En s’emparant de la plus grande partie des biens des monastères, l’État s’était engagé à contribuer à l’entretien des moines. De là l’allocation « aux laures et monastères » qui figure encore au budget impérial. Cette subvention montait, en 1875, à 440 000 roubles ; en 1887 elle était réduite à 402 000. Cette somme était inégalement répartie entre plus de 300 monastères, habités par 5500 moines ou frères lais, et par au moins autant de religieuses[1]. Chacun des couvents subventionnés ne recevait guère en moyenne

  1. Outre les allocations servies aux couvents indigènes, le gouvernement russe accorde fréquemment, par l’organe du Saint-Synode ou du ministère des affaires étrangères, des subventions ou des secours aux couvents orthodoxes de l’étranger.
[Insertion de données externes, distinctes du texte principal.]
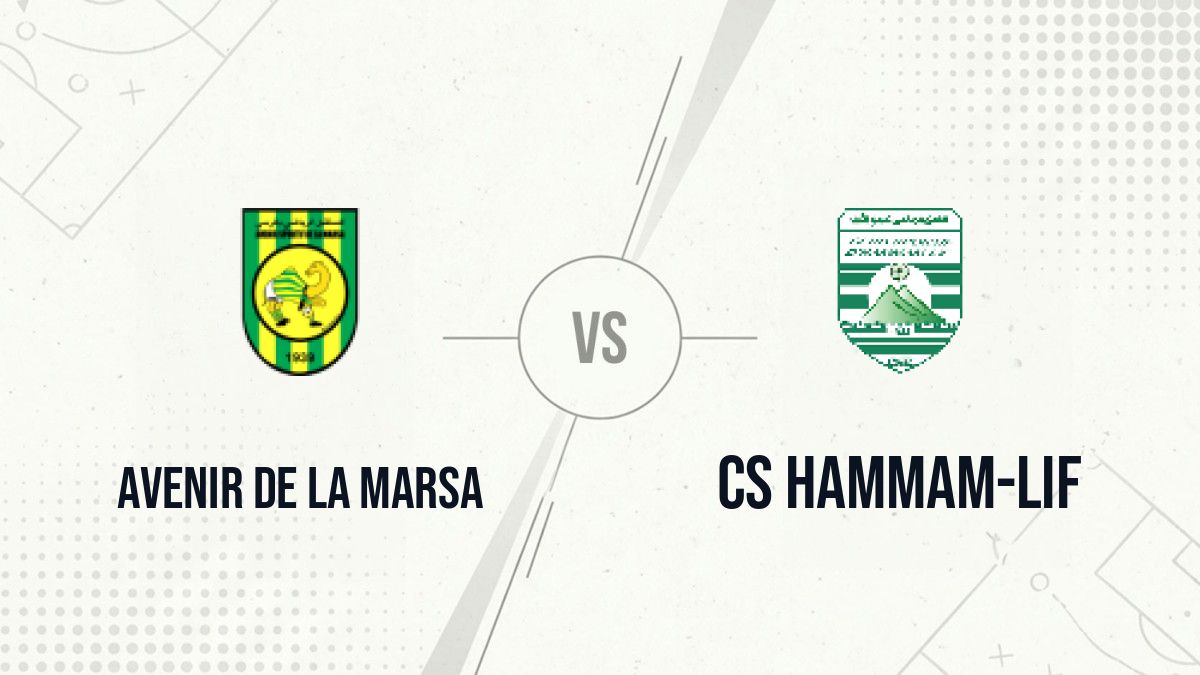 Pronostic Avenir de La Marsa CS Hammam-Lif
Une partie en peut être prélevée sur les revenus des « couvents dédiés ». Il reste, en effet, dans les provinces d’acquisition récente, en Bessarabie notamment, de vastes propriétés affectées, avant la domination russe, à l’entretien de certains couvents des lieux saints, de l’Athos, du Sinaï, de Roumanie. Ces biens, légués, pour la plupart, par les hospodars moldo-valaques, ont été placés sous l’administration du ministère des domaines. Ils ont donné lieu à des difficultés entre le gouvernement roumain et le gouvernement russe, qui, dans l’emploi de leurs revenus, ne s’est pas toujours conformé aux volontés des donateurs.